Cool-down of cryomagnet

A cryomagnet is initially cooled with liquid nitrogen then cooled with liquid helium, which may be in separate reservoirs. All operations are assumed to be finished within one hour. The liquid nitrogen loss rate is 20% of the volume of the reservoir, and the liquid helium loss rate is 50% of the volume of the reservoir. Based on cool down of a Quantum Designs Magnetic Property Measurement System on 10/26/09, 76 L of LHe is needed to cool and fill a 56 L reservoir. LN2 loss rate is an estimate and is probably too high since liquid nitrogen has a high heat of vaporization.

Nonroutine scenarios: power outage

The assumption is that power is lost to a building (especially a bio lab containing freezers with liquid nitrogen backup) for 8 hrs before someone notices (this may not be a very plausible scenario). All of the nitrogen evolved from storage dewars and the nitrogen used to cool down the freezers evaporates into the lab. The rate of liquid nitrogen use for freezer backup was obtained from Fisher and So-Low and is 7 lbs/hr and 11.6 lbs/hr for 13 cu ft and 25 cu ft –80 °C freezers, respectively. The assumption is that this event happens every two years, which is grossly conservative; this scenario is not plausible in the absence of an earthquake (p=5.7x10-5/hr).

Transfer dewar spill

Transfer dewar is knocked over and all cryogen evaporates into room. The assumption is that this event happens approximately four times per year (p=4.6x10-4/hr).

Complete failure of dewar

Dewar fails (valve is snapped off) and all cryogen is lost into room and evaporates in an hour. Failure rate is from Fermilab for failure of vacuum jacket of dewars (p=1x10-6/hr). This is in good agreement with our observations of one failure in 10 years among ~10 dewars in the 70/70A complex (p=1.14x10-6/hr). The oxygen level is calculated for the largest dewar that can fail, and the probability is multiplied by the total volume of stored cryogen divided by the volume largest dewar to account for the probability of other dewars failing.

Magnet quench

Cryomagnet ceases to be superconducting and boils off helium equivalent to the stored energy (heat of vaporization 0.0845 kJ/mol). If the stored energy is unknown, all of the helium in the jacket is assumed to be vaporized. Vaporization of liquid nitrogen is not an issue due to its much higher heat of vaporization (5.6 kJ/mol), which means that 66 times less nitrogen would be released than helium. Failure rate is from Fermilab (p=1x10-6/hr).

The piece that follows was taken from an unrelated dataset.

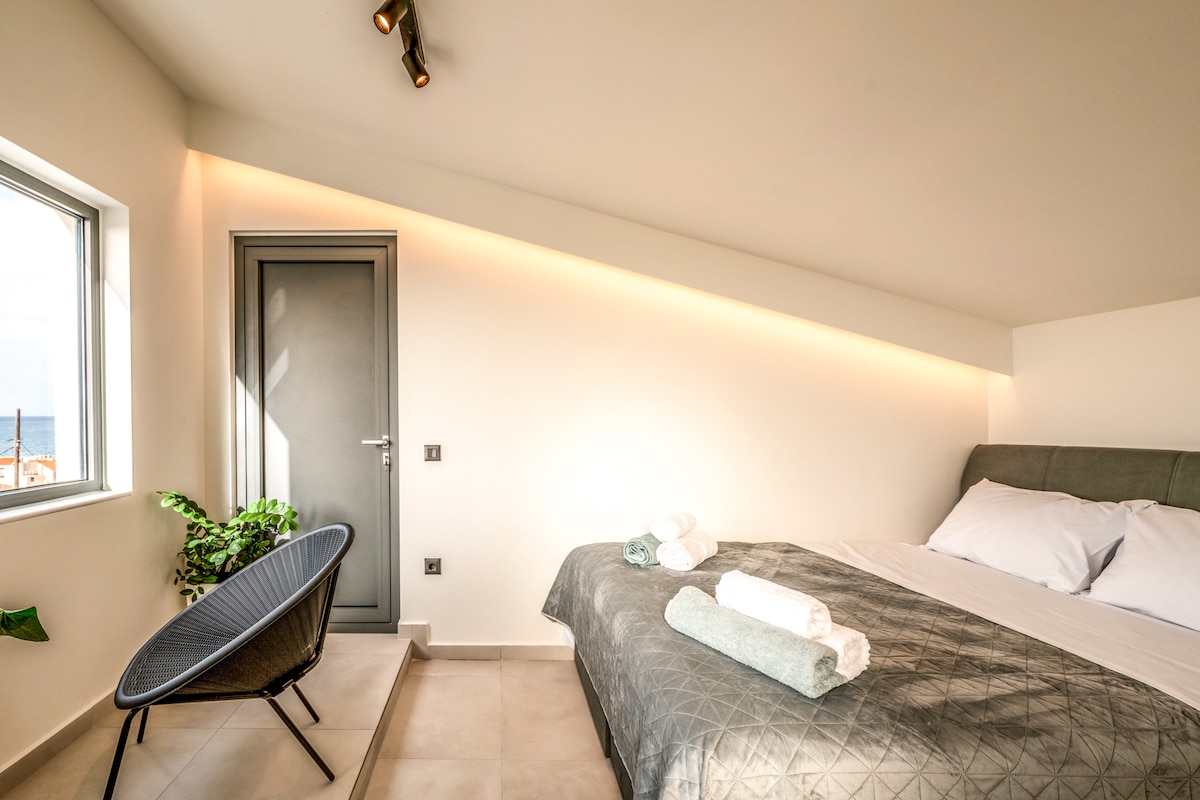 Attic Level: Bedroom with private balcony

6. Explanation of Terms to Be Entered into the ODH Calculator

Explanation of Terms



Building, room, fume hood, room dimensions


Total volume of cryogens

Self-explanatory. Includes the volume of all storage dewars plus any other device that contains cryogens, e.g., cryomagnets, freezers, cold traps. Note that all cryogens are assumed to be liquid helium with an expansion factor of 757:1, which is slightly conservative compared with that of liquid nitrogen (694:1) and slightly nonconservative with respect to that of liquid argon (849:1).

Largest storage dewar

Self-explanatory. Largest dewar by volume in the room can be a storage dewar, freezer, cryomagnet, etc.

Largest transfer dewar

Transfer dewar is a smaller dewar that is filled from a storage dewar and is used to transfer cryogen to another location. These are typically 4 L dewars, but larger dewars for cryostats are also to be included here.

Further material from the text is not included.